What's the big surprise when the small fish gets cuts and the big one doesn't?
Yeah, i know it's hypocritical, but come on, a tiny bit of a common sense please. That's how the world works, not saying it's good or bad, just saying that's how things are.


----------



## Mirage445 (Dec 20, 2006)

Hey Miguel....

SURPRISE!


----------



## SmackyBear (Feb 14, 2008)

Doubt I would have fired the guy, even though I've never been a big fan. Then again, I would have fired Chael about a year ago, so Zuffa isn't taking advice from me.



box said:


> You're praising dana for raping the 1st amendment with no lube in a school shower? Damn.





Ape City said:


> This. I have said it many times before and I will say it again; Either everything is okay to make fun of or nothing is. There is no compromise in freedom of speech.





Hammerlock2.0 said:


> So much for freedom of speech. :confused05:


I love the Bill of Rights as much as the next guy, but it has nothing whatsoever to do with this. The 1st Amendment says Congress shall make no law abridging the freedom of speech. The last time I checked, the UFC was a private business.

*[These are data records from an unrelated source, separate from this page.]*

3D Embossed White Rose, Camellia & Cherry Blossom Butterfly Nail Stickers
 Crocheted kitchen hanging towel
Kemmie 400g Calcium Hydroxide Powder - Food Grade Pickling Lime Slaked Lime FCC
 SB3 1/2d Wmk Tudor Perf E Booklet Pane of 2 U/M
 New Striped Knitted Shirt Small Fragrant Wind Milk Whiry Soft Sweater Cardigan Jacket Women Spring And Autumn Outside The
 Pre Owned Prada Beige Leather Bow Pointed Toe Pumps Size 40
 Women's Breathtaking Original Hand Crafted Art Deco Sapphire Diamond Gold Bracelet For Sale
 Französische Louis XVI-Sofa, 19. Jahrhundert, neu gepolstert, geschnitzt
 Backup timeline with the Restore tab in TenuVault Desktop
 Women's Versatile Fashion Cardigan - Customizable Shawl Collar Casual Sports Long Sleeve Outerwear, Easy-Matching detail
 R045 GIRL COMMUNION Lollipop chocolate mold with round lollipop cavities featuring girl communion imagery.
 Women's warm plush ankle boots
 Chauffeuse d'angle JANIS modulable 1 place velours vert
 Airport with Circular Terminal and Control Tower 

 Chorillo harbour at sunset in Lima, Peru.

Every time somebody gets criticized for something, people say "Freedom of speech!" like that makes them immune to criticism and protects them from any negative consequences at all. It doesn't. If I say something to piss off enough of my employer's customers and bring negative publicity to the company, then they have every right to fire me.



Fieos said:


> This is total bullshit. I hope Torres gets a lawyer and sues the shit out of the UFC to the point Dana is walking to work. Completely irrational reaction by Dana and inconsistent as well.


Torres is an independent contractor in an industry where morality clauses are standard and quite broad. He's screwed.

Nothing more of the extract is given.